Look, don’t go getting all sanctimommy on me. I do love my kids. But can we all agree that August is not the month any of us would like to be reviewed and analyzed for a Mother of the Year award? Judge me in December and I’m a rock star. I’m decking the halls. I’m jingle bell-rocking my pants off. I’m a present-wrapping, ho-ho-ho-ing, spirit of the holidays, jolly good ol’ Mother of the Century. Come December, I’m mothering so hard, I make Santa look lame. But August? I just can’t. Not a chance. And today, this day in August, I reached a new low. 

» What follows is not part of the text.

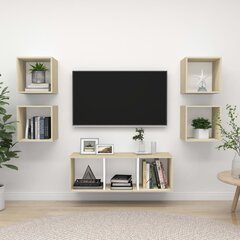 vidaXL 5-daļīgs TV plauktu komplekts, balts, ozolkoka, skaidu plāksne цена и информация | Тумбы под телевизор | 220.lv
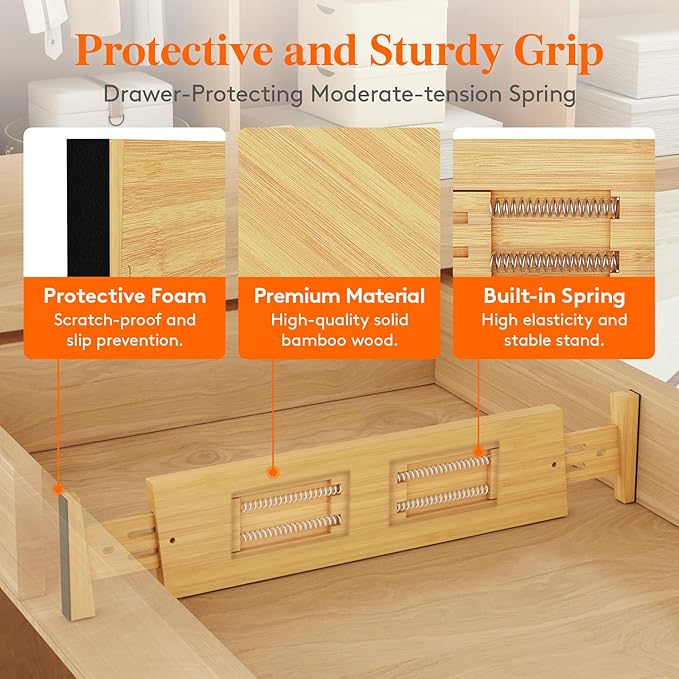 Lifewit 4" High 8 Pack Bamboo Drawer Dividers 43-54cm/17-21.5" Adjustable Wooden Drawer Organizer for Clothes/Utensils, Expandable Drawer Separator for Dresser/Kitchen/Bedroom/Office Organization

I climbed into my car this morning with my Yeti filled to the brim with ice cold water. It’s the only happiness in my day at this point, knowing that sweet, sweet thrill of looking into my Yeti in two hours and seeing that precious ice still swimming around there at the bottom all cold and delicious. Then the crackhead monkeys start at it:

[Poke, poke, poke]

“Mom! He’s touching me!!”

“Mommy, she just stuck her tongue out at me!”

“Nuh-uh!”

“Uh-huh!”

“Mom, he just took my sunglasses!”

“I was wearing them first!”

“STOP IT!!” I screamed. “Stop it right this minute or I’m gonna pour this cup of ice cold water on both of your heads!” And then I cried. Not because I realized what had just come out of my mouth (not my proudest mom moment), but because I knew they wouldn’t stop it. And I knew that I’d have to hold true to my promise. And that meant that my small glimmer of hope in my day, that ice cold water waiting for me, would be wasted on those two feral cat monkeys.

That’s it, summer. You win. I’m done.

Brooke
Brooke graduated high school from right here in San Antonio. After twelve years of living everywhere from Colorado to Greece, London to Atlanta, she and her husband have made San Antonio home and have become parents to their daughter and son. Brooke loves finding undiscovered activities around the city and dragging her kids along! She is a runner, an amateur cook that loves trying out San Antonio’s growing culinary scene and is actively involved in non-profit organizations in San Antonio.

3 COMMENTS

  1. oh my good lord! I have never read anything more absolutely true since I read my Bible!! Sister you have a way with words. You got me to laugh at 9 am on an august summer morning!! and that’s hard to do. This made my day and honestly I will be holding onto your words till school starts. Because now I have proof that I am not the only one! ha! God bless we only have 2 more weeks moms!